[ARM] Fix operand order for MVE predicated VFMAS #115908

ostannard · 2024-11-12T17:20:28Z

For most MVE predicated FMA instructions, disabled lanes will contain the value in the addend operand. However, The VFMAS instruction takes the addend in a GPR, and the output register is shared with the first multiply operand, so disabled lanes will get that value instead. This means that we can't use the same intrinsic as for the other VFMA instructions. Instead, we can codegen the vfmas intrinsic to a regular FMA and select in clang, which the backend already has the patterns to select VFMAS from.
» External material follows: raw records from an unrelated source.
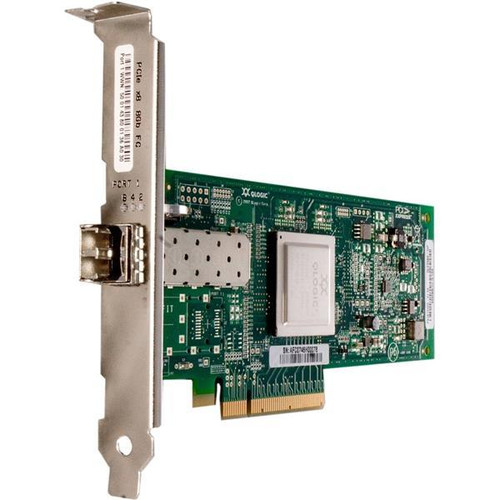 0G425C - Dell Qlogic QLE2560 Single Port PCI-E 8Gb Fibre Channel Host Bus Adapter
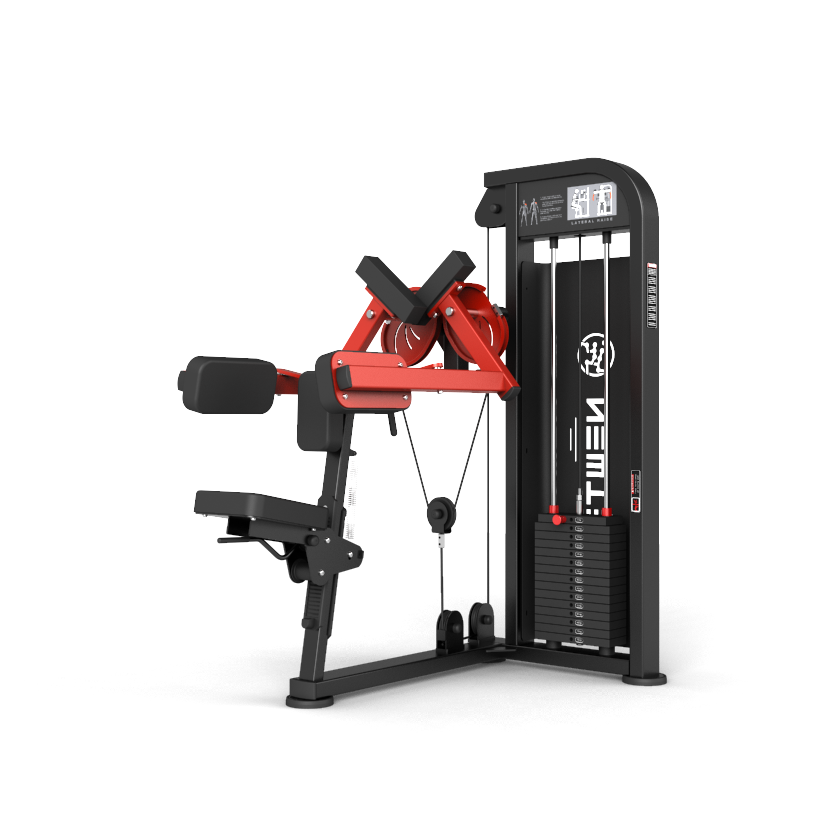 Newtech Advance Line Lateral Raise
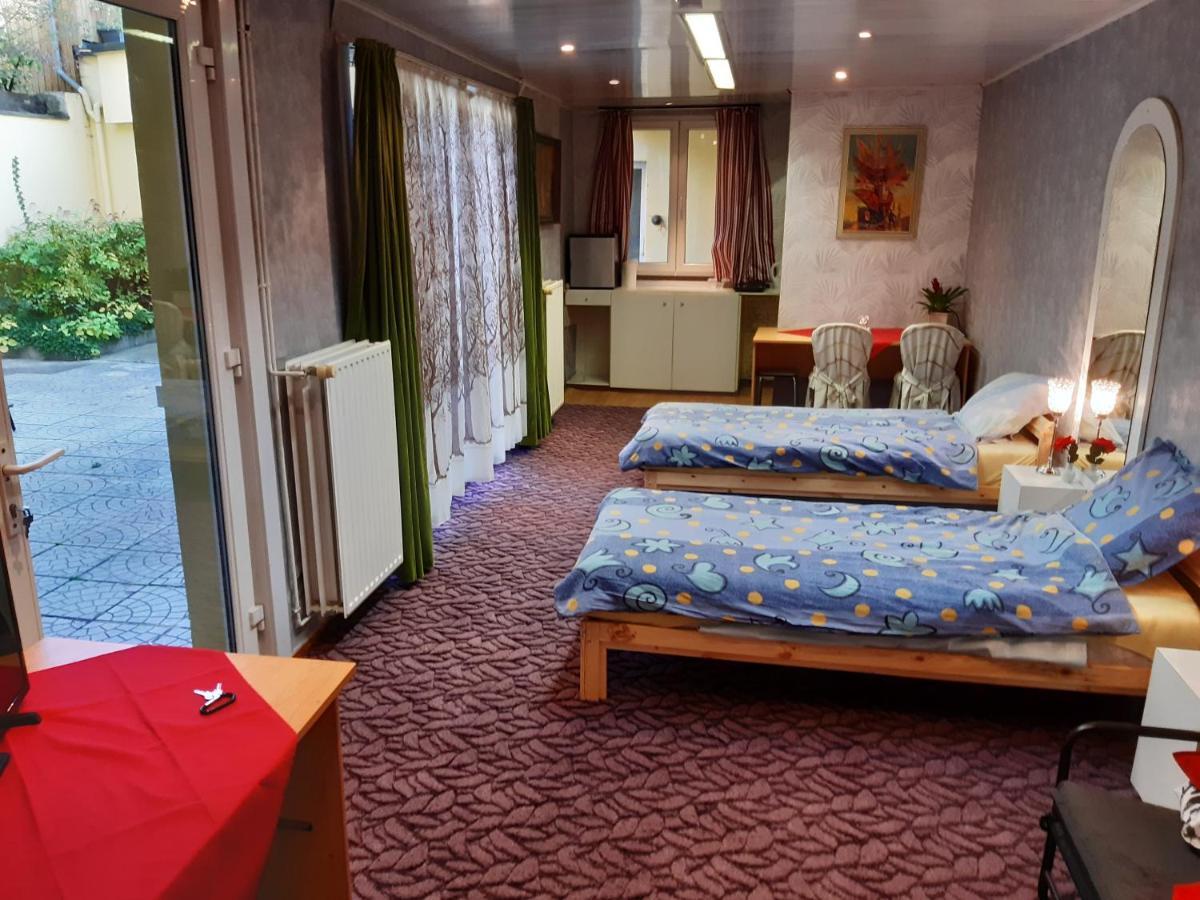 Casa Di Gino Apartment Antwerpen Ngoại thất bức ảnh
llvmbot · 2024-11-12T17:20:50Z

@llvm/pr-subscribers-llvm-ir
@llvm/pr-subscribers-clang

@llvm/pr-subscribers-backend-arm

Author: Oliver Stannard (ostannard)

Changes

For most MVE predicated FMA instructions, disabled lanes will contain the value in the addend operand. However, The VFMAS instruction takes the addend in a GPR, and the output register is shared with the first multiply operand, so disabled lanes will get that value instead. This means that we can't use the same intrinsic as for the other VFMA instructions. Instead, we can codegen the vfmas intrinsic to a regular FMA and select in clang, which the backend already has the patterns to select VFMAS from.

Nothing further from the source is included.